While watching Normal People, I often thought of Luca Guadagnino’s adaptation of André Aciman’s Call Me By Your Name—and not just because they both feature idyllic sequences of their central lovers bicycling through the Italian countryside, laughing much more than I ever have on a bicycle, personally.
Though Call Me By Your Name is told in the first person, and Normal People in the third, both novels rely heavily on the interiority of their characters for their shape and direction, and both novels ably portray desire as well as confusion. But while Call Me By Your Name expressed its interiority primarily through silence, Normal People does it through an almost claustrophobic cinematography (they both, of course, rely on careful acting as well). Both invite the viewer to imagine what the characters are thinking. To be fair, Normal People has too much going on to achieve the aesthetic purity of Call Me By Your Name.

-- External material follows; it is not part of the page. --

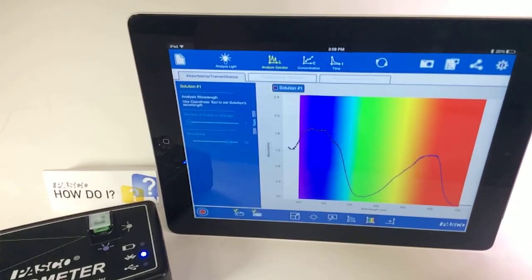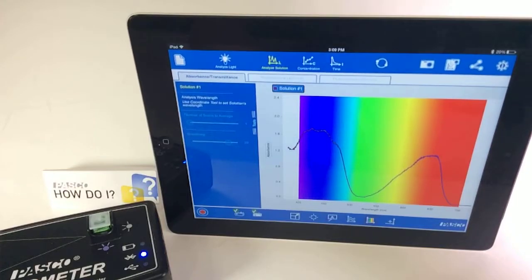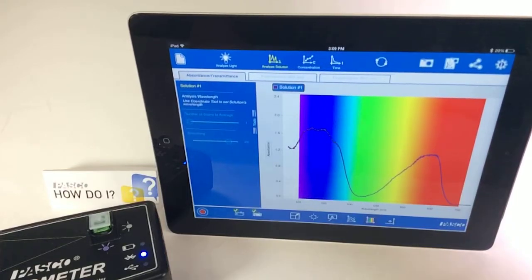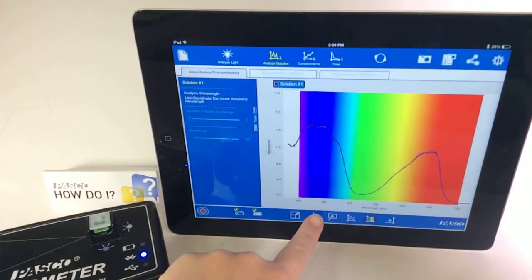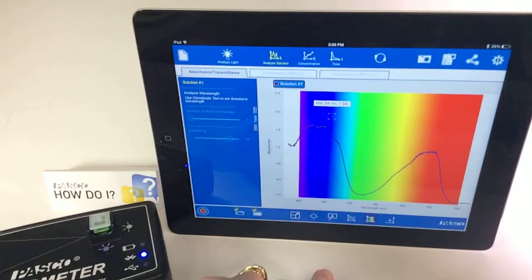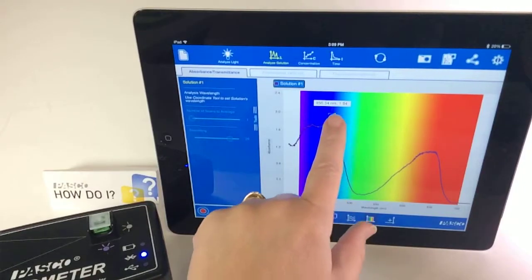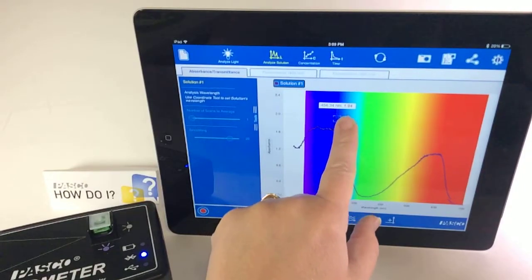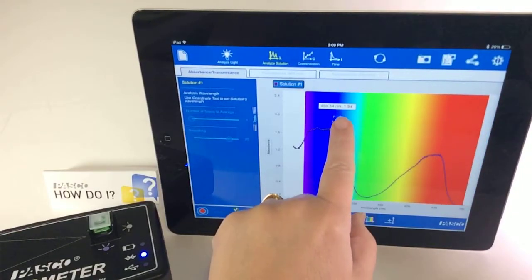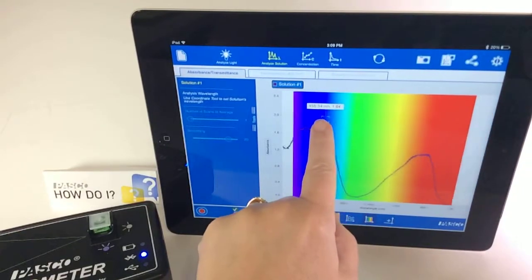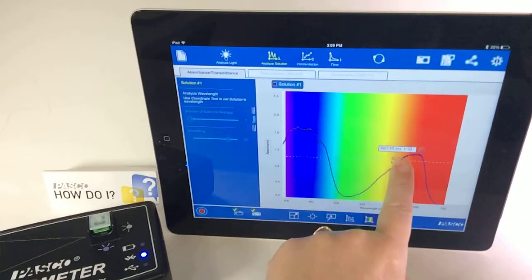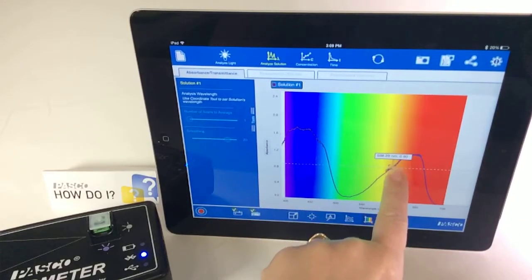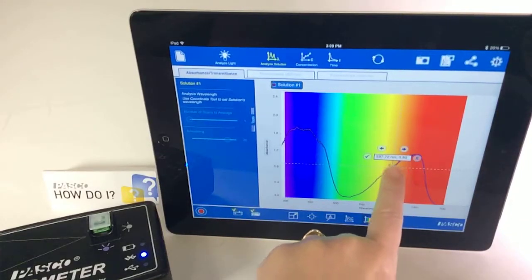And then once I have a curve for the absorbance spectrum of the solution, I'm going to select the coordinates tool, and I get a box that I can drag to any part of the line.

But I wouldn’t want it to—there’s more plot to cover here, more characters involved, more time passing. In the end, even if Hulu’s Normal People can’t quite recreate the magic of Rooney’s time manipulations, it joins Call Me By Your Name in the category of elegant, smart adaptations of novels that are mostly about their characters thinking. And also like Call Me By Your Name, it’s sexy (and angsty) as hell. Have fun.